Introdotto l’art. 24-bis denominato “Sviluppo delle competenze digitali” in relazione all’attuazione della linea progettuale M4-C1 – Investimento 3.1 “Nuove competenze e nuovi linguaggi” del Piano nazionale di ripresa e resilienza. In particolare, al fine di favorire e migliorare l'apprendimento e le competenze digitali:
- nel triennio 2022/2023 - 2024/2025 il Piano nazionale di formazione dei docenti delle scuole di ogni ordine e grado individua tra le priorità nazionali l'approccio agli apprendimenti della programmazione informatica e della didattica digitale;
- entro l’anno scolastico 2024/2025 sono integrati gli obiettivi specifici di apprendimento e i traguardi di competenza delle Indicazioni nazionali per il curricolo della scuola dell'infanzia e del primo ciclo di istruzione e delle Indicazioni nazionali e delle Linee guida vigenti per le scuole secondarie di II grado;
- dall’anno scolastico 2025/2026 nelle scuole di ogni ordine e grado si persegue lo sviluppo delle competenze digitali.

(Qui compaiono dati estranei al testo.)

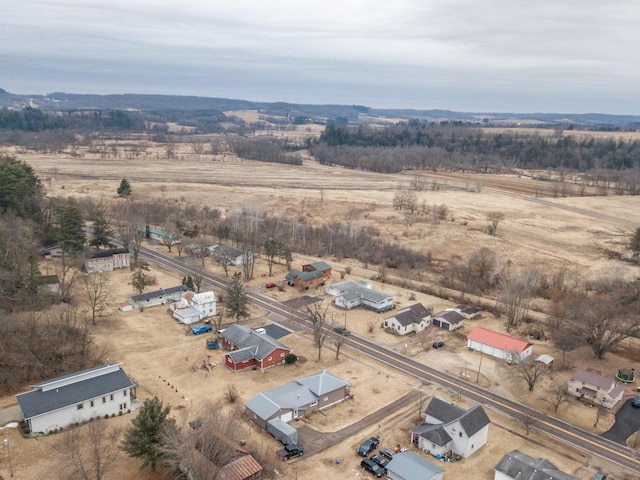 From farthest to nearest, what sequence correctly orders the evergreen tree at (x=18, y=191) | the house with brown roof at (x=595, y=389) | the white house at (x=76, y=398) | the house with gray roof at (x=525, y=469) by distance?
the evergreen tree at (x=18, y=191), the house with brown roof at (x=595, y=389), the white house at (x=76, y=398), the house with gray roof at (x=525, y=469)

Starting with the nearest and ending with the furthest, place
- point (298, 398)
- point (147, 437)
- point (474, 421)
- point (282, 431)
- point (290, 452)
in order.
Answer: point (147, 437) → point (290, 452) → point (282, 431) → point (474, 421) → point (298, 398)

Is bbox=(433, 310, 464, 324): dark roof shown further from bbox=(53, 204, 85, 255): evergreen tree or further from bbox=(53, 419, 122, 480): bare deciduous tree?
bbox=(53, 204, 85, 255): evergreen tree

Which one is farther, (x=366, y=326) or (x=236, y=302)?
(x=366, y=326)

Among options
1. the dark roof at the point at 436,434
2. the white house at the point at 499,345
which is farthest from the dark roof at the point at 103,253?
the dark roof at the point at 436,434

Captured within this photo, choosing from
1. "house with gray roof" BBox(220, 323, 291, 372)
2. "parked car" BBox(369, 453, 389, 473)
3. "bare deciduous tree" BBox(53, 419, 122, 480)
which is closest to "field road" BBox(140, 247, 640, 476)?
"house with gray roof" BBox(220, 323, 291, 372)

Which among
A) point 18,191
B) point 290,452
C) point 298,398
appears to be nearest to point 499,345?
point 298,398

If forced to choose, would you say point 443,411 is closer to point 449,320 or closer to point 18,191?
point 449,320

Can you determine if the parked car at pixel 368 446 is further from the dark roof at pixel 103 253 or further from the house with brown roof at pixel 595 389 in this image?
the dark roof at pixel 103 253
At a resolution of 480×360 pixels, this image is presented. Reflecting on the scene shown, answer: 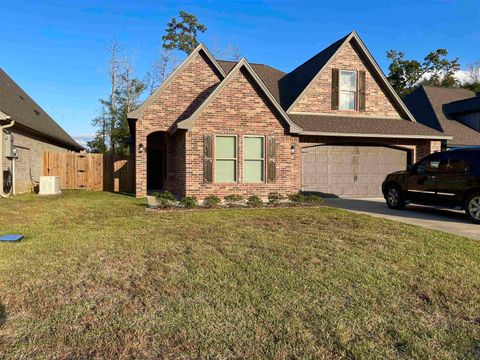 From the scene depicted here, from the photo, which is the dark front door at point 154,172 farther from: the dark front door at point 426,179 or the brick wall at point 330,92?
the dark front door at point 426,179

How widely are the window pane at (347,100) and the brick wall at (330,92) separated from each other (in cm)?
27

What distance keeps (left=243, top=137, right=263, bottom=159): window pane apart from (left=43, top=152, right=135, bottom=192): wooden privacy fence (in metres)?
8.00

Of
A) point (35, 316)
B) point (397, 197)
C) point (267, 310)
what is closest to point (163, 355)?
point (267, 310)

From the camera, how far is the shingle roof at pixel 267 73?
18531 mm

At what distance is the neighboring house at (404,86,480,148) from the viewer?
19.6m

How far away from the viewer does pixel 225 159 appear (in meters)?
13.0

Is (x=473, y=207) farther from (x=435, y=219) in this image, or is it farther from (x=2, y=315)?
(x=2, y=315)

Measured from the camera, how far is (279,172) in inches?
531

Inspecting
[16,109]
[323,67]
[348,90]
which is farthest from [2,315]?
[348,90]

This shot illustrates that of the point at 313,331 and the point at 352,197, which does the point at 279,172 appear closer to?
the point at 352,197

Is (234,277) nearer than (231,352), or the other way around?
(231,352)

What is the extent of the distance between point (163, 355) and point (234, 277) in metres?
1.80

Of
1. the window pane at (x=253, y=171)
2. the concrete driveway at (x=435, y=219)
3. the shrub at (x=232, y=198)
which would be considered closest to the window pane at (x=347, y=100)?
the window pane at (x=253, y=171)

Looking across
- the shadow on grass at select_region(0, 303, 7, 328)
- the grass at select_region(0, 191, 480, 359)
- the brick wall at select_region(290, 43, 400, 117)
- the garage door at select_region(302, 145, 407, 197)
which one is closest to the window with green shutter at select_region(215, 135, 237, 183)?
the garage door at select_region(302, 145, 407, 197) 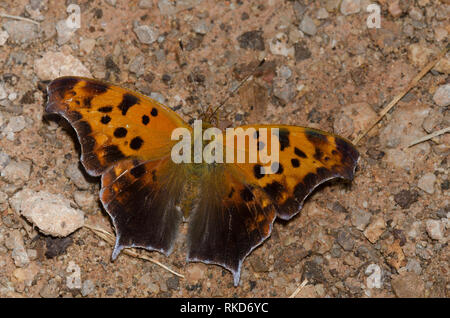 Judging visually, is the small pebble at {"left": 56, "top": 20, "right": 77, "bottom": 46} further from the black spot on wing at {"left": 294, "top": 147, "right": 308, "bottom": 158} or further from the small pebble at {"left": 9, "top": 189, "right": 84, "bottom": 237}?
the black spot on wing at {"left": 294, "top": 147, "right": 308, "bottom": 158}

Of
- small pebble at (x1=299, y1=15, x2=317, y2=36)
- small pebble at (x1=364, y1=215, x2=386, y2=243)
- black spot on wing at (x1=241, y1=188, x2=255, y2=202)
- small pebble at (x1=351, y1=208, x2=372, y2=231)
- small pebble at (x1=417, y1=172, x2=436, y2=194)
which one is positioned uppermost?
small pebble at (x1=299, y1=15, x2=317, y2=36)

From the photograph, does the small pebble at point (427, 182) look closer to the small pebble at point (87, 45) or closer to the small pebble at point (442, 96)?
the small pebble at point (442, 96)

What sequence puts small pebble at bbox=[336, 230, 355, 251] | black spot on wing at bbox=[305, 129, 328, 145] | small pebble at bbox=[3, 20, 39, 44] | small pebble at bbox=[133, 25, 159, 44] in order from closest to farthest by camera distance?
1. black spot on wing at bbox=[305, 129, 328, 145]
2. small pebble at bbox=[336, 230, 355, 251]
3. small pebble at bbox=[3, 20, 39, 44]
4. small pebble at bbox=[133, 25, 159, 44]

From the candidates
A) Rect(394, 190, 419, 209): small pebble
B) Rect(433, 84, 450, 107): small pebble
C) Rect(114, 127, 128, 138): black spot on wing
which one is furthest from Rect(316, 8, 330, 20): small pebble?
Rect(114, 127, 128, 138): black spot on wing

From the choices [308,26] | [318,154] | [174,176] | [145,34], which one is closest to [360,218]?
[318,154]

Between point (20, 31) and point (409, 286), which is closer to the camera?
point (409, 286)

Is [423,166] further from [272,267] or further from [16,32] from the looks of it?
[16,32]

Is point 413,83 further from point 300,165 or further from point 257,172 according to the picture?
point 257,172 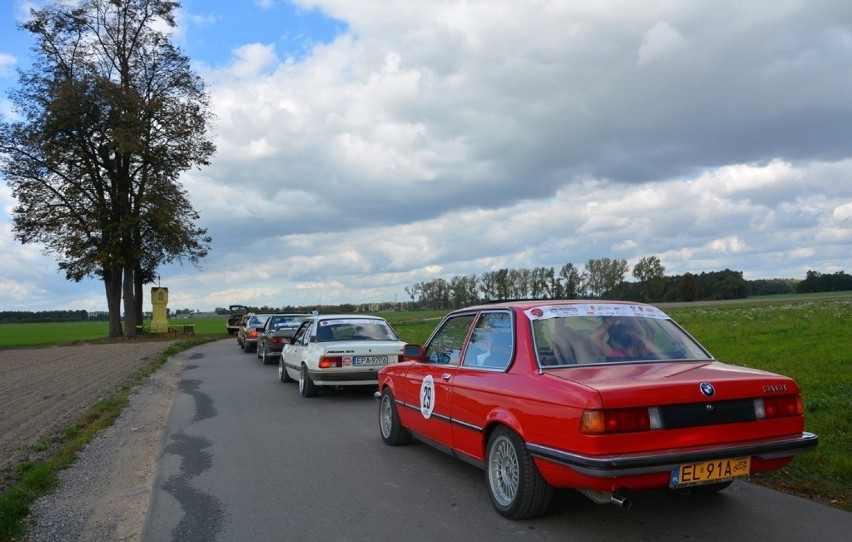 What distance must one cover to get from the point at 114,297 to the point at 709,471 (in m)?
41.8

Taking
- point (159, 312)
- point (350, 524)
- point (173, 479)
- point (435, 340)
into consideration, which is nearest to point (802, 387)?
point (435, 340)

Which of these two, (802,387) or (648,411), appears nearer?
(648,411)

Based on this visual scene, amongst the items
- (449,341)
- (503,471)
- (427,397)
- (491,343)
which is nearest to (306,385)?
(427,397)

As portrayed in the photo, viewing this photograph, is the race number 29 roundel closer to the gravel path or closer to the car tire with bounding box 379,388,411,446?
the car tire with bounding box 379,388,411,446

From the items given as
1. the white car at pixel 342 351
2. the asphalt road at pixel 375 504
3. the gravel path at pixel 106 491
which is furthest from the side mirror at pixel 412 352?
the white car at pixel 342 351

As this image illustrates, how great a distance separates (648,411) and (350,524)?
2.26m

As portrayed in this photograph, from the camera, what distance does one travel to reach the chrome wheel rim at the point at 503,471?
15.8 ft

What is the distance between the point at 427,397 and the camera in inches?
254

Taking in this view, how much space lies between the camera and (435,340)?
6883 millimetres

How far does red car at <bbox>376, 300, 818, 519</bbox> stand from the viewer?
4.07 m

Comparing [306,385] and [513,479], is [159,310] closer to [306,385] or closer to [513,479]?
[306,385]

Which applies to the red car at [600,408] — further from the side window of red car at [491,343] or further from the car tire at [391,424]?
the car tire at [391,424]

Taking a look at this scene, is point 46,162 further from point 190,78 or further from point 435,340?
point 435,340

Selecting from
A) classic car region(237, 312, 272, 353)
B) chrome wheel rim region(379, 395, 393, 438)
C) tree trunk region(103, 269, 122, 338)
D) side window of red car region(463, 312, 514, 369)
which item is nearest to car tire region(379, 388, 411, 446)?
chrome wheel rim region(379, 395, 393, 438) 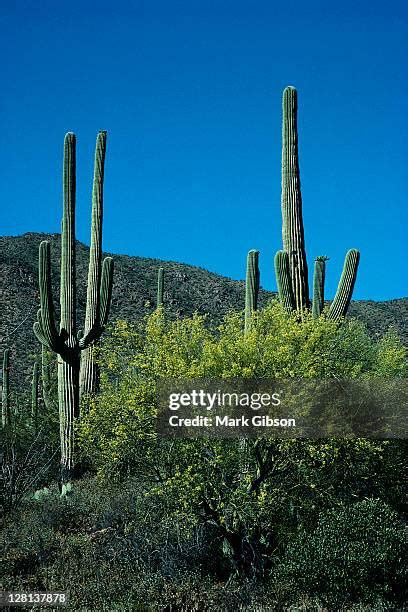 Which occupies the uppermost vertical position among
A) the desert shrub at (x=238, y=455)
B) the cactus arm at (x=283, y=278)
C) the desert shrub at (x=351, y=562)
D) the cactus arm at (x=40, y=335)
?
the cactus arm at (x=283, y=278)

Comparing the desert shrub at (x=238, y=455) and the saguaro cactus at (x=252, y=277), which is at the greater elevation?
the saguaro cactus at (x=252, y=277)

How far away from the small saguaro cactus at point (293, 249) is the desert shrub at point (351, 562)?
4870mm

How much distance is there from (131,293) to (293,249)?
113ft

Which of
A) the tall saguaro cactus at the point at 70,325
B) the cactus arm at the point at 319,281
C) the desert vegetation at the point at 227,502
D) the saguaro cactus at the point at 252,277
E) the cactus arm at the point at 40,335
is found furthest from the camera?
the cactus arm at the point at 319,281

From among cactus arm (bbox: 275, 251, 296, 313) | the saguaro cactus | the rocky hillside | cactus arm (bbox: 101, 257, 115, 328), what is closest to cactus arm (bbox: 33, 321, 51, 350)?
cactus arm (bbox: 101, 257, 115, 328)

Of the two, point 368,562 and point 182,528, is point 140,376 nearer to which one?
point 182,528

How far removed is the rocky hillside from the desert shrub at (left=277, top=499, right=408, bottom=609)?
91.0ft

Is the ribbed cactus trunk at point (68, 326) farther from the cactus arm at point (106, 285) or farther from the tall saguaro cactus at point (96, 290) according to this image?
the cactus arm at point (106, 285)

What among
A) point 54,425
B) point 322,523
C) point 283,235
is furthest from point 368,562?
point 54,425

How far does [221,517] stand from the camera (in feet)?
37.3

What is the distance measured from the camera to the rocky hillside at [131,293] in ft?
130

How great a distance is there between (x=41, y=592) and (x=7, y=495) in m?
4.45

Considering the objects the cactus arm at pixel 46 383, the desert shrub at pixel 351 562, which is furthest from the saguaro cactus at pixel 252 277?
the cactus arm at pixel 46 383

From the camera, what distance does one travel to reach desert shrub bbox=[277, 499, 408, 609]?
31.7 ft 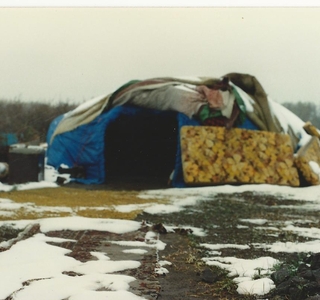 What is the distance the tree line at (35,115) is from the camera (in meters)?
10.7

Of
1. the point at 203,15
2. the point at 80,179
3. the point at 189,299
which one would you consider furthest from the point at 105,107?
the point at 189,299

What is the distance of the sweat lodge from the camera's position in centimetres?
1043

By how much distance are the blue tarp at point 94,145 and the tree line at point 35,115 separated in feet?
3.57

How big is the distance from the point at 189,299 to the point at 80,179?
8246 mm

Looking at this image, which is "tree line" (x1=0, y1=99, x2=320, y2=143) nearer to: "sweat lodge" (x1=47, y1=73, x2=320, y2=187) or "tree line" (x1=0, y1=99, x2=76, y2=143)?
"tree line" (x1=0, y1=99, x2=76, y2=143)

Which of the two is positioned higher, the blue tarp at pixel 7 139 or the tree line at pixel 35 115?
the tree line at pixel 35 115

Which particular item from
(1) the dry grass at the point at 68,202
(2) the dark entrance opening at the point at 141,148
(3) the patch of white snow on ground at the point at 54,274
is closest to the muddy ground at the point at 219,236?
(3) the patch of white snow on ground at the point at 54,274

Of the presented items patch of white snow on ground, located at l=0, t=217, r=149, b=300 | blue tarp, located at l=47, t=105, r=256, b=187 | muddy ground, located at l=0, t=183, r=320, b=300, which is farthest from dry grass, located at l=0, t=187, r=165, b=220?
patch of white snow on ground, located at l=0, t=217, r=149, b=300

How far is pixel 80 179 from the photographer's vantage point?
35.4 feet

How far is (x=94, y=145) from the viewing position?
432 inches

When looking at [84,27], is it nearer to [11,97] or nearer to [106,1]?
[106,1]

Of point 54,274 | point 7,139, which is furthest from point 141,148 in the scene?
point 54,274

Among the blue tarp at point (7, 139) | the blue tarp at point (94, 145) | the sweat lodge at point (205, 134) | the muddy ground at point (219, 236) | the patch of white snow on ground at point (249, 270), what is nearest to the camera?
the patch of white snow on ground at point (249, 270)

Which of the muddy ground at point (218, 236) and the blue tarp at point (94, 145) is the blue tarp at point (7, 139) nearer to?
the blue tarp at point (94, 145) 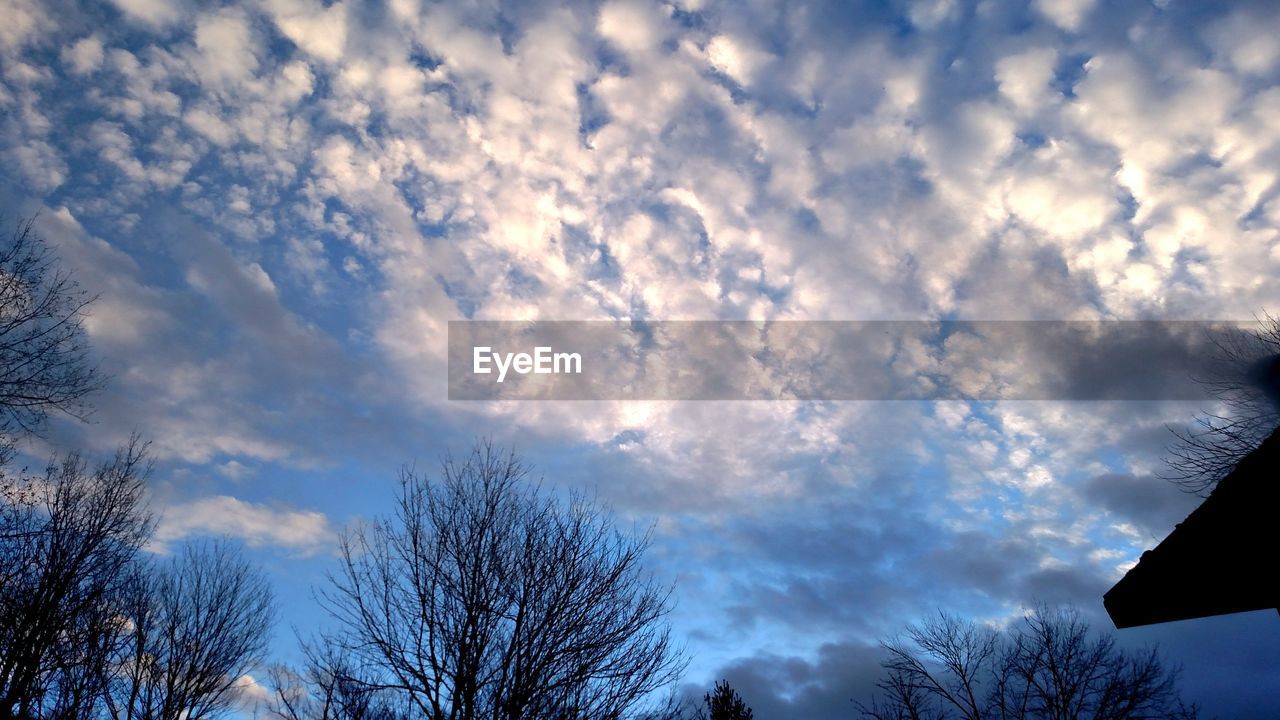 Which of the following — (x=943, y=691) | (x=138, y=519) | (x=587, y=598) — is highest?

L’art. 24 D.L. 152/2021, come modificato dalla L. 233/2021, prevede l’indizione di un concorso di progettazione selettivo articolato in 2 gradi:
- 1° grado finalizzato alla presentazione di proposte di idee progettuali;
- 2° grado, cui accedono le migliori proposte di idee progettuali, rivolto alla predisposizione dei progetti di fattibilità tecnica ed economica per ciascuno degli interventi individuati a seguito della procedura selettiva.
Ai vincitori del concorso di progettazione è corrisposto un premio (1° premio 37.000 euro) a condizione che siano in possesso dei requisiti economico-finanziari e tecnico-organizzativi previsti dal bando di concorso per ogni singolo intervento; è affidata dagli Enti locali la realizzazione dei successivi livelli di progettazione, nonché la direzione dei lavori. Tali affidamenti sono effettuati con procedura negoziata senza pubblicazione del bando di gara.
Riguardo al fondo “Asili nido e scuole dell’infanzia” istituito con la legge di Bilancio 2020 è stata inserita una specifica norma che prevede la fissazione del termine massimo per l’aggiudicazione degli interventi a valere sulle risorse di tale fondo che rientrano a pieno titolo nel PNRR. La necessità di fissare un termine preciso è motivata con l'esigenza di rispettare gli obiettivi del Piano.